Leeds City Council (24 012 037)
Category : Education > Special educational needs
Decision : Closed after initial enquiries
Decision date : 06 Jan 2025
The Ombudsman's final decision:
Summary: We will not investigate this complaint about delay in the Education, Health and Care Plan review process. This is because an investigation would be unlikely to achieve a different remedy to the one already offered. We will not investigate complaint handling as a standalone issue.
The complaint
- The complainant, whom I shall refer to as Miss X, complained the Council took too long to issue draft and final versions of her daughter’s Education, Health and Care Plan (EHC Plan). Miss X says this caused anxiety and uncertainty. Miss X is also unhappy with the Council’s handling of her complaint and its explanation for the delay.
The Ombudsman’s role and powers
- We investigate complaints about ‘maladministration’ and ‘service failure’, which we call ‘fault’. We must also consider whether any fault has had an adverse impact on the person making the complaint, which we call ‘injustice’. We provide a free service, but must use public money carefully. We do not start or continue an investigation if we decide:
- any injustice is not significant enough to justify our involvement, or
- we could not add to any previous investigation by the organisation, or
- further investigation would not lead to a different outcome. (Local Government Act 1974, section 24A(6), as amended, section 34(B))
- It is not a good use of public resources to investigate complaints about complaint procedures, if we are unable to deal with the substantive issue.
How I considered this complaint
- I considered information provided by the complainant.
- I considered the Ombudsman’s Assessment Code.
My assessment
- A Council has four weeks from an EHC Plan review meeting to issue a notice saying whether it intends to amend an EHC Plan. If the decision is to amend the EHC Plan, the Council should send a draft version. The Council then has eight weeks to issue a final amended EHC Plan. The process should therefore take a maximum of 12 weeks.

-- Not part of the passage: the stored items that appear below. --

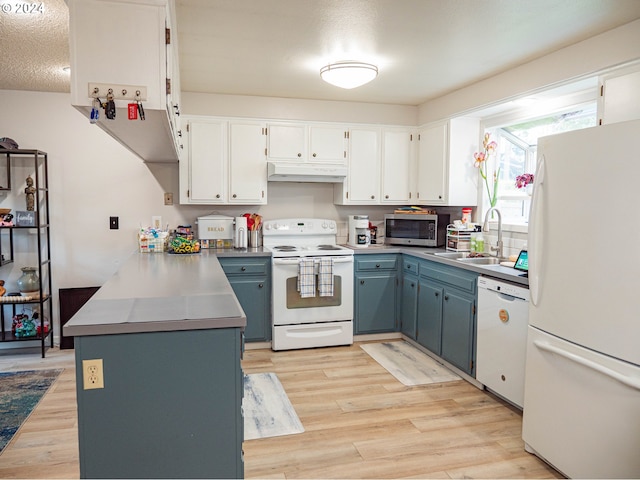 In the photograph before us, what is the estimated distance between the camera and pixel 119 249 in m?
4.32

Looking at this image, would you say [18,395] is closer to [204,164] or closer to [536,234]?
[204,164]

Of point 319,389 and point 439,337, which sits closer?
point 319,389

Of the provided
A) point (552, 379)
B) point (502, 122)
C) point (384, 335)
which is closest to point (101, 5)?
point (552, 379)

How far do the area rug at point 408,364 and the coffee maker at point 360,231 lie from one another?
968 millimetres

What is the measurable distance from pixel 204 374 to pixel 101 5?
1474 millimetres

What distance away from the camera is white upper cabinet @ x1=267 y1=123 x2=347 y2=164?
14.3ft

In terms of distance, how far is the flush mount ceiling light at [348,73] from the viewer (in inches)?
128

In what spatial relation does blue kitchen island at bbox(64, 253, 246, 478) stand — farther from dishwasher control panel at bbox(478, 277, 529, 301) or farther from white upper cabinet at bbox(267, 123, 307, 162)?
white upper cabinet at bbox(267, 123, 307, 162)

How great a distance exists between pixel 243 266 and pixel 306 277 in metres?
0.55

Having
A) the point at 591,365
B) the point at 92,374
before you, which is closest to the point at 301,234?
the point at 591,365

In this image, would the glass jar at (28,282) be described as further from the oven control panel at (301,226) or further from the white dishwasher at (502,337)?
the white dishwasher at (502,337)

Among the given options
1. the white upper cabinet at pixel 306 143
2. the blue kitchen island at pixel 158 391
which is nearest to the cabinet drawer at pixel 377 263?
the white upper cabinet at pixel 306 143

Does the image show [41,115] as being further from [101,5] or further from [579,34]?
[579,34]

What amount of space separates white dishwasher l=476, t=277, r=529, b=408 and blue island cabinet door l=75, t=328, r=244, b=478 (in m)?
1.82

- Miss X’s daughter has an EHC Plan. The Council reviewed this on 04 March 2024. The Council was late in the sending the draft EHC Plan by just over a week. The entire process should have been completed by 27 May 2024. The Council issued the final EHC Plan on 11 July 2024 – just over six weeks late.

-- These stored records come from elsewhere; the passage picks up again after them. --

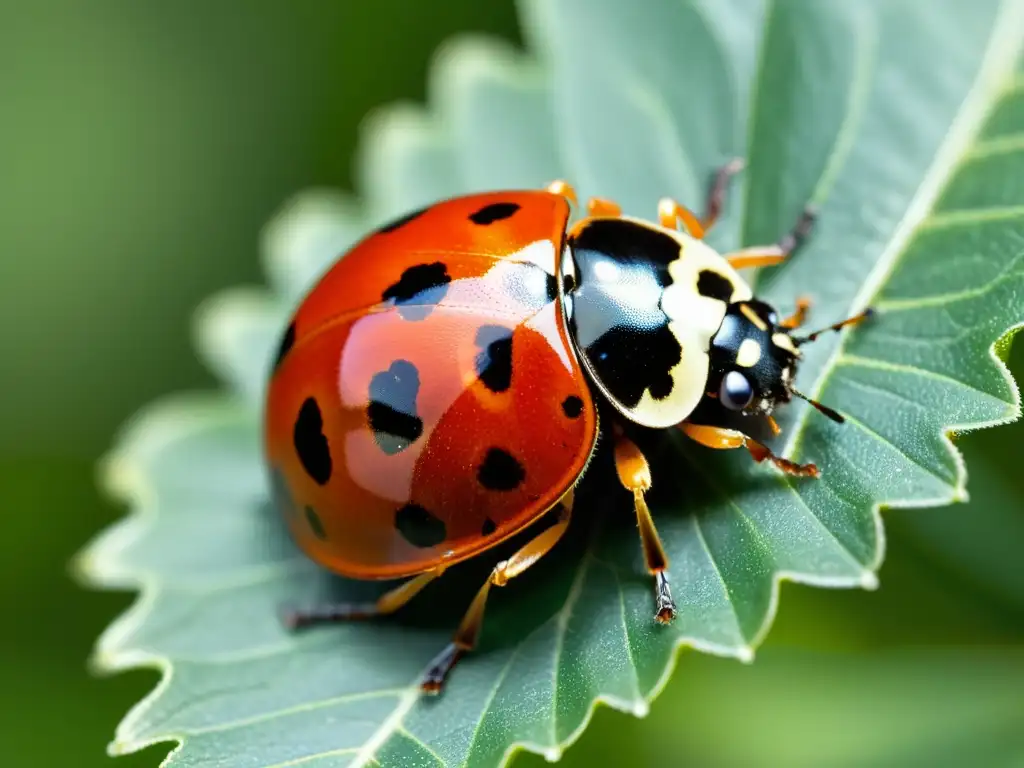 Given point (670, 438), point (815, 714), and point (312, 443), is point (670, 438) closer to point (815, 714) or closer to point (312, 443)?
point (312, 443)

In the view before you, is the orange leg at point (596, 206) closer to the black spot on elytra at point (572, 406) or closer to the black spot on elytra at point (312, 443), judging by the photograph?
the black spot on elytra at point (572, 406)

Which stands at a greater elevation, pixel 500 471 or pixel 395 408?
pixel 395 408

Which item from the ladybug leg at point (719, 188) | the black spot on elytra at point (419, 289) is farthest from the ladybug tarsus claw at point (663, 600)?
the ladybug leg at point (719, 188)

- In its response to Miss X’s complaint the Council acknowledged the stress and inconvenience caused. It offered a payment of £200.
- While I recognise Miss X’s frustrations, we will not investigate her complaint. The remedy offered by the Council is in line with what we would offer given the injustice caused by the delay. An investigation is not justified as it would not achieve anything more.

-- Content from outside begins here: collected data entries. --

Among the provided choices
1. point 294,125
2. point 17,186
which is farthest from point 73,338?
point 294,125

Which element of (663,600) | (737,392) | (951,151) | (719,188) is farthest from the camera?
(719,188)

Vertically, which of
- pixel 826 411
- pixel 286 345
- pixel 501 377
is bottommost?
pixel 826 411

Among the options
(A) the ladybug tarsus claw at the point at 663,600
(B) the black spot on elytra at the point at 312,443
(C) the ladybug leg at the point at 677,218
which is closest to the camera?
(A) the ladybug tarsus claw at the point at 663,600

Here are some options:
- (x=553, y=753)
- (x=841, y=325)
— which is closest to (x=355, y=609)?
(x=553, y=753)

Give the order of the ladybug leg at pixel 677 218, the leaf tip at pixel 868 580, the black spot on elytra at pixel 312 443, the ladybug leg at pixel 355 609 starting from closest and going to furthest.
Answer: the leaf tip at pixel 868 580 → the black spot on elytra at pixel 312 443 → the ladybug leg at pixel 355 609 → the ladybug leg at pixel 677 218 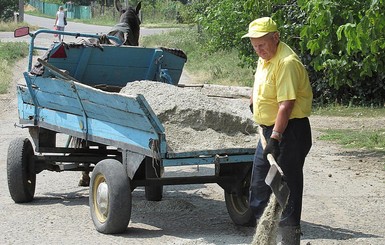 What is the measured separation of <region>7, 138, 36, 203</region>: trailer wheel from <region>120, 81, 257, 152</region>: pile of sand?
1.78 metres

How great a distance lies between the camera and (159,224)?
28.2 feet

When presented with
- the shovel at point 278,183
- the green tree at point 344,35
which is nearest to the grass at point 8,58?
the green tree at point 344,35

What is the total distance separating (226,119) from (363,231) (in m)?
1.66

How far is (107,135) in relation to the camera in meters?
8.40

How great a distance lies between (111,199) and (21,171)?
1.85 metres

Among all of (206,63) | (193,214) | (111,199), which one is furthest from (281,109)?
(206,63)

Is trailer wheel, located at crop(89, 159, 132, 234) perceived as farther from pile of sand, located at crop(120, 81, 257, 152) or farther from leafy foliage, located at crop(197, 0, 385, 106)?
leafy foliage, located at crop(197, 0, 385, 106)

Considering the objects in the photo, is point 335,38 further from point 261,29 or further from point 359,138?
point 261,29

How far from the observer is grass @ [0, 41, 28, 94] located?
23442mm

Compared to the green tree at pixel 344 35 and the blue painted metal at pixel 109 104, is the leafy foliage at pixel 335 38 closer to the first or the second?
the green tree at pixel 344 35

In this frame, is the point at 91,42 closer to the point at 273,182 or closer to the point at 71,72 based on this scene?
the point at 71,72

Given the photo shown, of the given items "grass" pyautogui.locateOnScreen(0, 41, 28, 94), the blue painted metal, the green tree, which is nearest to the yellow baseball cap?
the blue painted metal

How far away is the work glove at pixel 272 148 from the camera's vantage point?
6641 mm

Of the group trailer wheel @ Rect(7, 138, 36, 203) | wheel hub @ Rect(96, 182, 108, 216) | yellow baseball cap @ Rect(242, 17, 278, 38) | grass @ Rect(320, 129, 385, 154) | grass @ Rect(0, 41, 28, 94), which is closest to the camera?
yellow baseball cap @ Rect(242, 17, 278, 38) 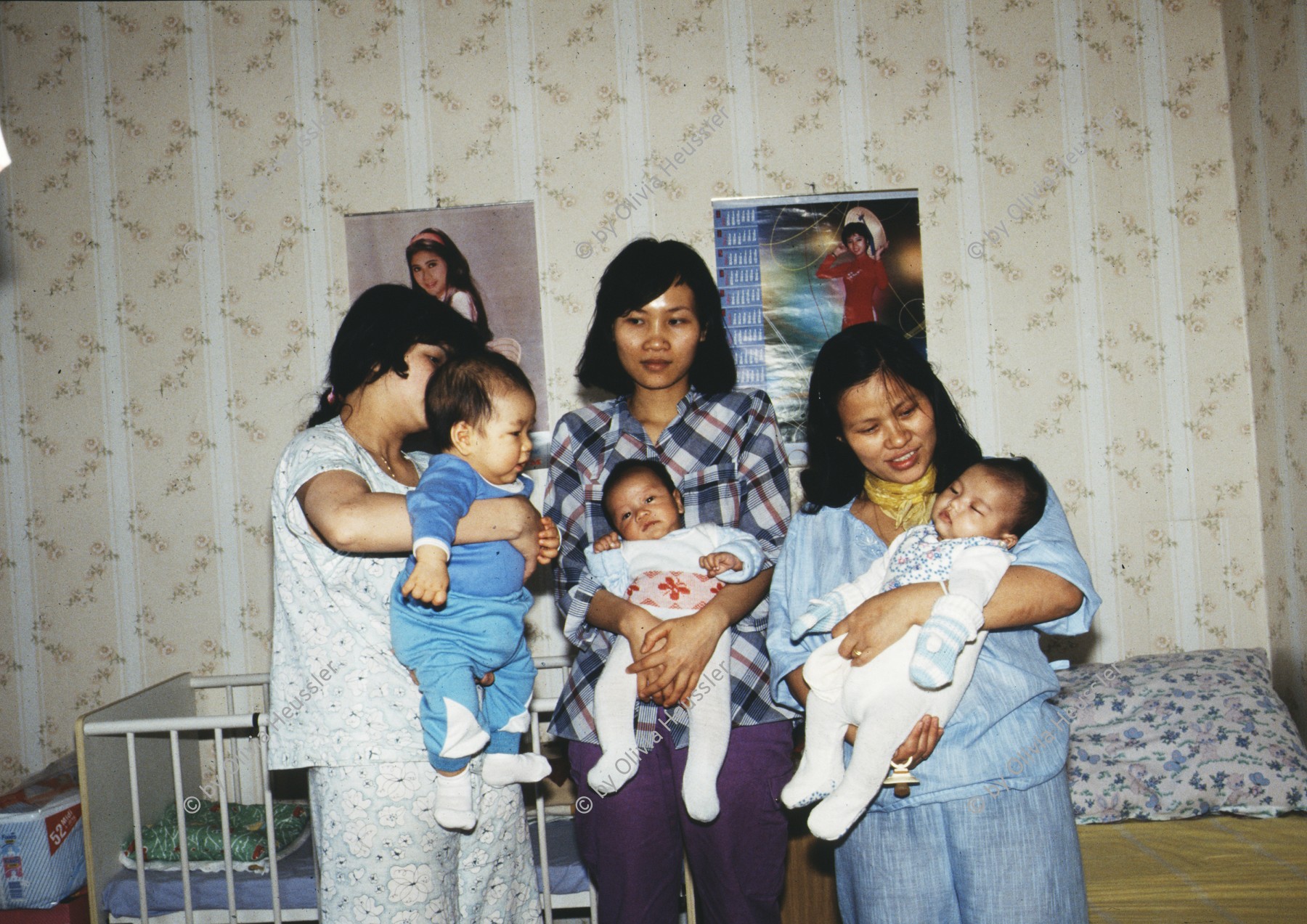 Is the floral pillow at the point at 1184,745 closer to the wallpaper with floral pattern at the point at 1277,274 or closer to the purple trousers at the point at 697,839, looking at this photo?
the wallpaper with floral pattern at the point at 1277,274

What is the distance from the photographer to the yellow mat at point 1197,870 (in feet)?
6.29

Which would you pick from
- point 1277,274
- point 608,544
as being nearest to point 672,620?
point 608,544

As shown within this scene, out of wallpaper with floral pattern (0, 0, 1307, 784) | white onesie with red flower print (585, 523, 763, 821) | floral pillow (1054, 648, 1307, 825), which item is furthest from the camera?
wallpaper with floral pattern (0, 0, 1307, 784)

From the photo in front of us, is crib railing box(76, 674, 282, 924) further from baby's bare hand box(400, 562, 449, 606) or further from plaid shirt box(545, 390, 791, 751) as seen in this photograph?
baby's bare hand box(400, 562, 449, 606)

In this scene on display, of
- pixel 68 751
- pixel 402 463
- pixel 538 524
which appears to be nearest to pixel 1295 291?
pixel 538 524

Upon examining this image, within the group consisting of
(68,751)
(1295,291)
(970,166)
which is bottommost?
(68,751)

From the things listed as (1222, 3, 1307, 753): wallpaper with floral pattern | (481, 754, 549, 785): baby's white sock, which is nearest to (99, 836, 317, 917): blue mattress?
(481, 754, 549, 785): baby's white sock

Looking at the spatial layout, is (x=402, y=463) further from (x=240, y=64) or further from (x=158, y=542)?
(x=240, y=64)

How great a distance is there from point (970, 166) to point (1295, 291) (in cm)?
94

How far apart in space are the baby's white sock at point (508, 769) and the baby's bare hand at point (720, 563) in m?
0.43

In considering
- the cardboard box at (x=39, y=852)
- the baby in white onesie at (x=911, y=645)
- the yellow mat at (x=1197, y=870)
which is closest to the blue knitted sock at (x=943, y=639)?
the baby in white onesie at (x=911, y=645)

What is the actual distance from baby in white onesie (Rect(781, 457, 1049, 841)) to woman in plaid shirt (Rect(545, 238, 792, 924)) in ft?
0.74

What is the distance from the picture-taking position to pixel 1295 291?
8.21 ft

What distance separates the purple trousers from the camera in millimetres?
1613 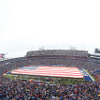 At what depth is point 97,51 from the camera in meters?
44.7

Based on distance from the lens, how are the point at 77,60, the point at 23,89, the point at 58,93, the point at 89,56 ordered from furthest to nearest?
the point at 89,56, the point at 77,60, the point at 23,89, the point at 58,93

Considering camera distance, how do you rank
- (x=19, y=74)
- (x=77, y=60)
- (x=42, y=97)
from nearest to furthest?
(x=42, y=97) < (x=19, y=74) < (x=77, y=60)

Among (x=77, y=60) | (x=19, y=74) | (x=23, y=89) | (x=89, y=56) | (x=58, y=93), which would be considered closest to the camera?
(x=58, y=93)

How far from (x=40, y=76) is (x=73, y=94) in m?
14.1

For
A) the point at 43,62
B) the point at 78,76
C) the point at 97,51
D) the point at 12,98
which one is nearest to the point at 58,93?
the point at 12,98

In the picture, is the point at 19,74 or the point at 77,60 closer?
the point at 19,74

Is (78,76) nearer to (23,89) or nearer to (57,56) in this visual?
(23,89)

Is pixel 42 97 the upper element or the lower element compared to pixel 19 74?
upper

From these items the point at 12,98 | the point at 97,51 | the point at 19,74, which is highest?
the point at 97,51

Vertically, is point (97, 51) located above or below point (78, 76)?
above

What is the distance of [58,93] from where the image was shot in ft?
47.5

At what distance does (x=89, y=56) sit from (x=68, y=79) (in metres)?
26.6

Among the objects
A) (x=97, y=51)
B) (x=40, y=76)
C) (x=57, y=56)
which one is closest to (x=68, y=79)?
(x=40, y=76)

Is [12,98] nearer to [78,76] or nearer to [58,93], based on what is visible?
[58,93]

- Miss X is unhappy with how long the Council took to respond to her complaint and its explanation for the delay. But we will not normally investigate complaint handling as a standalone issue if we are not going to look at the issue which led to the original complaint. This applies here, and as the remedy offered is appropriate, consideration of the Council’s complaint handling would not be a good use of our resources.
Final decision
- We will not investigate Miss X’s complaint because an investigation would not achieve a different remedy. We will not look at complaint handling as a standalone issue.